### Problem to work on
Word for word, transcribe the data below from the line with "Pinterest Pin - Slow-Cooked" to the line with "Greige / Brown", keeping both of those lines.

━━━━━ Records for the exercise ━━━━━

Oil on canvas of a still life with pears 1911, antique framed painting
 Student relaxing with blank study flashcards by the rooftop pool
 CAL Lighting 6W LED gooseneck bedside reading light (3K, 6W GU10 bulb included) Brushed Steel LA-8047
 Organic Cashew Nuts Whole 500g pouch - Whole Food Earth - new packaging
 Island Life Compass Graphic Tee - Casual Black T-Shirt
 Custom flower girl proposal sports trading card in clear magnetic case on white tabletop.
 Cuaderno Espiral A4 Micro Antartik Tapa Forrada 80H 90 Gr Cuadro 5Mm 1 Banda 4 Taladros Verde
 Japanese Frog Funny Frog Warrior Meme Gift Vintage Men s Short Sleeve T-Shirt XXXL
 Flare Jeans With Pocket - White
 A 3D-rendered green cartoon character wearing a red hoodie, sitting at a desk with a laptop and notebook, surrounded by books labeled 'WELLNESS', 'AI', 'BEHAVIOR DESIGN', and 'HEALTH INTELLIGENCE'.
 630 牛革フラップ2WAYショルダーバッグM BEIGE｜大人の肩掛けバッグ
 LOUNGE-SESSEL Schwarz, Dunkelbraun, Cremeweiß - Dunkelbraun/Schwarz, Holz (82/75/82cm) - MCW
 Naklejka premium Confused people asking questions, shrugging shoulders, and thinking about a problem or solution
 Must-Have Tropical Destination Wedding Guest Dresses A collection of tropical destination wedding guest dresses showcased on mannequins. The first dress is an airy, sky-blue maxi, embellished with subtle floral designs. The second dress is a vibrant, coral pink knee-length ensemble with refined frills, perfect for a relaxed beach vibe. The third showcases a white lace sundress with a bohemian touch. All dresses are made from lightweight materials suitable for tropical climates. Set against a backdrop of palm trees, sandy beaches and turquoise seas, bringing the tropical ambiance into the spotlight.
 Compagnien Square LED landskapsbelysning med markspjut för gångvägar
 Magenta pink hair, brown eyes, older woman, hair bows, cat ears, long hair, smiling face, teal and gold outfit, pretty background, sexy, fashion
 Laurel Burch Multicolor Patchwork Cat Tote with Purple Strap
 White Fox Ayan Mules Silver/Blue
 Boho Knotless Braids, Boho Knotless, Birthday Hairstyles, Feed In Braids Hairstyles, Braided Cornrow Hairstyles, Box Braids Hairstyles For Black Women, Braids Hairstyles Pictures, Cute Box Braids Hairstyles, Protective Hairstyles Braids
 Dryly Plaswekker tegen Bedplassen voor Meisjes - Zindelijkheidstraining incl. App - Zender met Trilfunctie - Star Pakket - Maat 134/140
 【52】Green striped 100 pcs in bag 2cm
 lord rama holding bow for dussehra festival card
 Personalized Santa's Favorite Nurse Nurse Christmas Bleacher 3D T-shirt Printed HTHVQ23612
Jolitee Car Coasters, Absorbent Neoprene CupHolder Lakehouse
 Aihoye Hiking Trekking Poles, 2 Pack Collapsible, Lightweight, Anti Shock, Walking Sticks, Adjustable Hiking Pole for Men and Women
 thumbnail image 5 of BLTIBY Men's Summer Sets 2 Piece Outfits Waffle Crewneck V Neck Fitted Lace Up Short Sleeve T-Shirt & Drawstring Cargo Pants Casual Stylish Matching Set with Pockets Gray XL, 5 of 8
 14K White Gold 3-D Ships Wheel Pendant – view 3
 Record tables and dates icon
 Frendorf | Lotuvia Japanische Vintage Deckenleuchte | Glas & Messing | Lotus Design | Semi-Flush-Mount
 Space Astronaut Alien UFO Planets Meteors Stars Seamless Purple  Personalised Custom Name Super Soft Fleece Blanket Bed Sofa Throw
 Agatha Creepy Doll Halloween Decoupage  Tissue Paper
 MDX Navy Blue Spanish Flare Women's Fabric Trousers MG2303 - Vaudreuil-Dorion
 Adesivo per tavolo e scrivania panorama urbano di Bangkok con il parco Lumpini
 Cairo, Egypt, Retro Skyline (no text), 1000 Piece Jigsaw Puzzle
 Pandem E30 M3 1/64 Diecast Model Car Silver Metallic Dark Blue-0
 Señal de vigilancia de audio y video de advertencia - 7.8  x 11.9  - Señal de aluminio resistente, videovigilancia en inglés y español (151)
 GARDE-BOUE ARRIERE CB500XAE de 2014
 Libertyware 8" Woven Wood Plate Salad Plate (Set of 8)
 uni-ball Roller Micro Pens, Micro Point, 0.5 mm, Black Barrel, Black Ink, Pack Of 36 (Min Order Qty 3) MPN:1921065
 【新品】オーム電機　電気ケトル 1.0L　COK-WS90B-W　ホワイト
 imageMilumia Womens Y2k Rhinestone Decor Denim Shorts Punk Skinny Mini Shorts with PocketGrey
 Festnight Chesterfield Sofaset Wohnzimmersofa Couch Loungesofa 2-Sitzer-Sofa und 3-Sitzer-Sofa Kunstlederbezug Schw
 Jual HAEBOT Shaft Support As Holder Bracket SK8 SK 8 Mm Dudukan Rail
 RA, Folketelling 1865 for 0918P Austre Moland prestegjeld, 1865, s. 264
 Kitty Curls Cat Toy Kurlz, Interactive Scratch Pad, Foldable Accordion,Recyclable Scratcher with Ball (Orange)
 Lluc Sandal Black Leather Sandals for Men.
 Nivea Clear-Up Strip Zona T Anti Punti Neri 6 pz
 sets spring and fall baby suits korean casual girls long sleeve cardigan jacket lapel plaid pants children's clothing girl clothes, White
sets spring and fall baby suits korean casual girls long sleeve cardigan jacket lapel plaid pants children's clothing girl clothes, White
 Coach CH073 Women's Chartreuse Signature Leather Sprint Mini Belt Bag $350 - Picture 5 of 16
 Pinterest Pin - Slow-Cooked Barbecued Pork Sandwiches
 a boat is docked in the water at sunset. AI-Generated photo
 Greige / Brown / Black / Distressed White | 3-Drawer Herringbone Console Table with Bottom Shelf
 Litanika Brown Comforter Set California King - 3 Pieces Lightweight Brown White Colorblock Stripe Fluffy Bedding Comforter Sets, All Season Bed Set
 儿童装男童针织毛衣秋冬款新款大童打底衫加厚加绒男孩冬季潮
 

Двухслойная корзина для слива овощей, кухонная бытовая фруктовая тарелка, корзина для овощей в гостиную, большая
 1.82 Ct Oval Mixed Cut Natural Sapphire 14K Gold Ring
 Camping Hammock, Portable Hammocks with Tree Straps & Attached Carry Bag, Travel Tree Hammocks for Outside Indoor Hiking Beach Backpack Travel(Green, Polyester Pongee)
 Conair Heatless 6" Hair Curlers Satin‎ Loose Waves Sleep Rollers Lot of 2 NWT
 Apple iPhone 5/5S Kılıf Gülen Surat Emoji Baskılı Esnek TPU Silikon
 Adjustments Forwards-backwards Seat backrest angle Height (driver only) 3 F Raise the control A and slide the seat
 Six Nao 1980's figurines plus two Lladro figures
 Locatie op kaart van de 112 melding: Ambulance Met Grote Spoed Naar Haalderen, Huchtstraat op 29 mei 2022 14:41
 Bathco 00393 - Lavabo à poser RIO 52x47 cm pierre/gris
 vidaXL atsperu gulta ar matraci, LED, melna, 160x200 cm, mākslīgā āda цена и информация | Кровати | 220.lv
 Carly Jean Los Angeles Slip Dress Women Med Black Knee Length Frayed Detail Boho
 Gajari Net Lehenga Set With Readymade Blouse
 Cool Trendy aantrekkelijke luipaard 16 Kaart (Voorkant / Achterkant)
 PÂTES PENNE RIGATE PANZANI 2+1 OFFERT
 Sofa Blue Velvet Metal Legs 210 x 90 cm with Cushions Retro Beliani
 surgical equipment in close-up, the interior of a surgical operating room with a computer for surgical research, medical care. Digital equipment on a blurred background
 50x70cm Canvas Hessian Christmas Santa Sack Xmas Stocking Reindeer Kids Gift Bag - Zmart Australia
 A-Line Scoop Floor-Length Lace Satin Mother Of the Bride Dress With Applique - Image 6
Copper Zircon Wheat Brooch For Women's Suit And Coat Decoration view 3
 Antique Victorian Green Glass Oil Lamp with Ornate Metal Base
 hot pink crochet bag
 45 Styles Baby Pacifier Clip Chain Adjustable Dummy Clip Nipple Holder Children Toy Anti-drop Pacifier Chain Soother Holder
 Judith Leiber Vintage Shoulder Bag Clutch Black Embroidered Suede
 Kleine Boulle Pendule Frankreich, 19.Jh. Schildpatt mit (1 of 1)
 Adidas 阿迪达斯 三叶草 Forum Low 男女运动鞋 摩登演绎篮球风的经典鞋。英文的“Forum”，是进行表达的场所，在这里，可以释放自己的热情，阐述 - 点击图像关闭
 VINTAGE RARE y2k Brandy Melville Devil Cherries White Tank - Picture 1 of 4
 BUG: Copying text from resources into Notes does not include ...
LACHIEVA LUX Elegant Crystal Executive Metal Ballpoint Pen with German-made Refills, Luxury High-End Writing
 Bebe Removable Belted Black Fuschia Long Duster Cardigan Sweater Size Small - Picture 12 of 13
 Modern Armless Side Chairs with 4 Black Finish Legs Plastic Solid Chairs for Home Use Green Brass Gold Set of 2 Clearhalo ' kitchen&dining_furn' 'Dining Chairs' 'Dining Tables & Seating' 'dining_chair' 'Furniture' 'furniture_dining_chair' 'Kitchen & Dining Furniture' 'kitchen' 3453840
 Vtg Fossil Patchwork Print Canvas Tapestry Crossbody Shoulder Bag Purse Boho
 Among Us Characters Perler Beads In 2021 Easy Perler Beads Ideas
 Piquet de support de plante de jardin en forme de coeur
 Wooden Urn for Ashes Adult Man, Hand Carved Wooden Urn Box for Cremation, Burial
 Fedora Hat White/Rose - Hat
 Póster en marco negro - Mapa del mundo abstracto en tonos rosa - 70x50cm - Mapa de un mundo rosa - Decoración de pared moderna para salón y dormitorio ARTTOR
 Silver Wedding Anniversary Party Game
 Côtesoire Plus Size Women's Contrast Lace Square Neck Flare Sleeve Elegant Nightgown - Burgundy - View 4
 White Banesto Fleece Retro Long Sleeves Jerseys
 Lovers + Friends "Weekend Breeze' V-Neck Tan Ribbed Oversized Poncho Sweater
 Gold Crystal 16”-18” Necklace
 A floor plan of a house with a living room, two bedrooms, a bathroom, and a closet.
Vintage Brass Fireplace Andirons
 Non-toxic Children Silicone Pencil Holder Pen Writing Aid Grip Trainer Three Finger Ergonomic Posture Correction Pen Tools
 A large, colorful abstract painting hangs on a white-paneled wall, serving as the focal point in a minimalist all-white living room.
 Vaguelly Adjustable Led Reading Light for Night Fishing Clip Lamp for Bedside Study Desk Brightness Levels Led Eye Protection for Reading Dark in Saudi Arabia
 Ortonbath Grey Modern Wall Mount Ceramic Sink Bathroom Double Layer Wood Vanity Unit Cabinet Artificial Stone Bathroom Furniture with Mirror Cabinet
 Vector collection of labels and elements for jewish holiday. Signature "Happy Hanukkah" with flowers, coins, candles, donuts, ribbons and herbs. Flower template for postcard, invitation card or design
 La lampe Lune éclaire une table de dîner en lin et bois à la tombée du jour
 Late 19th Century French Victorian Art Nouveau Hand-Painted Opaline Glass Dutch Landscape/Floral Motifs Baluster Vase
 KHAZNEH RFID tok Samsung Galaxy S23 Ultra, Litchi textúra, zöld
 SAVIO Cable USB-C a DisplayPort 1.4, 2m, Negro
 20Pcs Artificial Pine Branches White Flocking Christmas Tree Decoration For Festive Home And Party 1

━━━━━

### Final answer
 Pinterest Pin - Slow-Cooked Barbecued Pork Sandwiches
 a boat is docked in the water at sunset. AI-Generated photo
 Greige / Brown / Black / Distressed White | 3-Drawer Herringbone Console Table with Bottom Shelf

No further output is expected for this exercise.